The Boy has never owned a pair of sweats.  Maybe because “sweat” is something he avoids (along with chores, socializing and any physical contact with his mother- a hug would kill him- but I digress).

Soft and shapeless, the pants transfixed The Boy from the moment he brought them inside.  “Mother,” he asked, “how was I not previously aware of the splendor and the glory of après-school pants?”  (He has never avoided hyperbole, however.)
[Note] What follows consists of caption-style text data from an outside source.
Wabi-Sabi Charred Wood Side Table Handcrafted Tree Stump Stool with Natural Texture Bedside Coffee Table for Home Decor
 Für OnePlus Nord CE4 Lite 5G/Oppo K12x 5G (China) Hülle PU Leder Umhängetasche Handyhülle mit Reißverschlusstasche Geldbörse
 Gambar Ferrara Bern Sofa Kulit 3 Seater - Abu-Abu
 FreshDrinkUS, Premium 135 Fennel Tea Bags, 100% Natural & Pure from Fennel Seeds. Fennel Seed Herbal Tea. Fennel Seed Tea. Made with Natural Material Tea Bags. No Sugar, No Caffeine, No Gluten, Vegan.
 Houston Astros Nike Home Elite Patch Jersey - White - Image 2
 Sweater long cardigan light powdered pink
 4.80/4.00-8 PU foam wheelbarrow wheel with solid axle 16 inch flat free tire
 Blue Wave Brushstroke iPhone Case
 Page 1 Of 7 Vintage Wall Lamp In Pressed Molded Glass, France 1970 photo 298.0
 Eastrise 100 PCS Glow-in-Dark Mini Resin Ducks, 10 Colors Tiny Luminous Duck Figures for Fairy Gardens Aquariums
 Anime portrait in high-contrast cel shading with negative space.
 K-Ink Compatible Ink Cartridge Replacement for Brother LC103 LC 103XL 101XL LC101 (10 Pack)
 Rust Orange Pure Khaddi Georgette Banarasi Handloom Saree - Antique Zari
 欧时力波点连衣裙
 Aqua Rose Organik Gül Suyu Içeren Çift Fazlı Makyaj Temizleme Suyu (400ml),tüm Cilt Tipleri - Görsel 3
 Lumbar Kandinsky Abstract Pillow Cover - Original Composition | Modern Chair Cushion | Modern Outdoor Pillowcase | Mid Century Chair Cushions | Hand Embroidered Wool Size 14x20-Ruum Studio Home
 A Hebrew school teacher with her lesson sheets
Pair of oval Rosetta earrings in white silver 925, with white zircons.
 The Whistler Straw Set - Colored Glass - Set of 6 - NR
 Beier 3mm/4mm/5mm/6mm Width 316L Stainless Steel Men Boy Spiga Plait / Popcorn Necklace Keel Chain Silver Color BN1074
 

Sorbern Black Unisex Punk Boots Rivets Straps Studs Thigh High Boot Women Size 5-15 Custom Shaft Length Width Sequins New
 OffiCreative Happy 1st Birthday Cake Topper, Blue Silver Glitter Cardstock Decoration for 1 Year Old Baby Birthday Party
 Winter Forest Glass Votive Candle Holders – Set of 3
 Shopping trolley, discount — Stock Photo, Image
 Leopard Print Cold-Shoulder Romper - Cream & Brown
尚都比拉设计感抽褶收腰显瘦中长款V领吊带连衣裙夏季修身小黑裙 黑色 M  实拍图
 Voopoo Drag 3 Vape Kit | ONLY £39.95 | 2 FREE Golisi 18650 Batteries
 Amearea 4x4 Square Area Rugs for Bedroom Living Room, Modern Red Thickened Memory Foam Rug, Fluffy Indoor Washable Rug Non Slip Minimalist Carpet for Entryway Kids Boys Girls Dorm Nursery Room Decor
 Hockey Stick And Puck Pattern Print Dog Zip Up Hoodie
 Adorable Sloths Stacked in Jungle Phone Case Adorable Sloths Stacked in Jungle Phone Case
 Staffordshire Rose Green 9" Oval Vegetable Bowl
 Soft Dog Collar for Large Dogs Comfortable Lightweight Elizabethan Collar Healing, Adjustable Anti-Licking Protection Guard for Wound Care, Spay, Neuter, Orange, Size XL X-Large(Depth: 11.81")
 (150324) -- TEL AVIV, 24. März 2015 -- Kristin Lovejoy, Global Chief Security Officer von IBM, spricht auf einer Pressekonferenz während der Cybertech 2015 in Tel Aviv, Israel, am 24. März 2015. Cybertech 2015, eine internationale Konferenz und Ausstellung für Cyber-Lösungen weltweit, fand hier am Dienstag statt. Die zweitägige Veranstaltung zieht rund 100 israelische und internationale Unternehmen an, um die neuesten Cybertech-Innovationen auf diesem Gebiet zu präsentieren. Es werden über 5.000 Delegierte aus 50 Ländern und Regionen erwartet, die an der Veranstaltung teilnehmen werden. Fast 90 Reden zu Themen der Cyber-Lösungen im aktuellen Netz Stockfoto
Now, as nights reach their absolute longest and badminton games occur in short, but fierce, bursts (no net, no rules, no daylight, stop crying), sweat pants are what The Boy wears after school and for entire weekends at a time, all the time.  He rarely argues and even occasionally inquires about my life (which also has no net).  He sends off lovely emails to his teachers, plays his music at a reasonable volume and sometimes flosses.  It’s as if aliens, nice and polite aliens, take over while he nestles deep within the sweatpants.

Oh, he still litters his room with discarded Kind bar wrappers (which I also should have bought in bulk) and has yet to swap out his gym clothes, but for $13.99 I have a teen who is gentle and sweet (and so not mine).

Until the pants give out.

Perhaps the best preventative action is to not launder the pants too often.

And so we learn from the children.

Karma and The Golden Globes

16 Jan

blog image golden globe

Re: Karma.  Don’t you love when this happens to you:

Six years ago, Spouse met a Guy on a plane.  The Guy was like any of us- fumbling through life, drinking cheap wine and waiting for a sign.  Well, he was like any English major I’ve ever known, anyway.

Lacking either a plan or money, The Guy moves to Paris, marries a model, has two kids, moves to Australia then returns to the US whereupon his wife opens an Ayurveda smoothie/pet spa and becomes “the” darling of the Los Angeles Ayurveda-celebrity-pet-smoothie-spa set while I’m still trying to complete a bathroom renovation and get my now six years older car to pass inspection.

And it’s not that we don’t appreciate Ayurveda pet smoothie bars in upstate NY, it’s just that we prefer whole milk all the time.

Fast forward to Sunday night when, while channel-surfing, Spouse spots The Guy at The Golden Globe Awards.  The Golden Globes which, I suspect, have little to do with either geography or transition metals but seem to attract a tanned, relaxed, champagne-sipping crowd.

“There’s The Guy!” he yelled.

“That isn’t fair!” I cried.

And by “that,” I meant “life.”

And by “isn’t,” I meant “is not.”

And it’s true: life is not fair.

Never was, never will be- it’s just that being reminded stinks.

But, like good luck, justice and sweatpants, karma also has an ebb and flow.  (Well, maybe not the sweatpants.  There’s no excuse for sweatpants.)

So, occasionally, when all my pontificating and prognosticating, all the contemplations and reflections on living that I have blathered at my kid (ad nauseam- just ask him and hold for the eye roll), the advice, the pep-talks, the verbiage in/verbiage out, the blow-hardness of my very existence, all of it, comes back at me with the force of a statuette to the face and the kid asks: “What?  He looks like a nice guy.”

I remember that karma works.

And I love when good karma happens to me.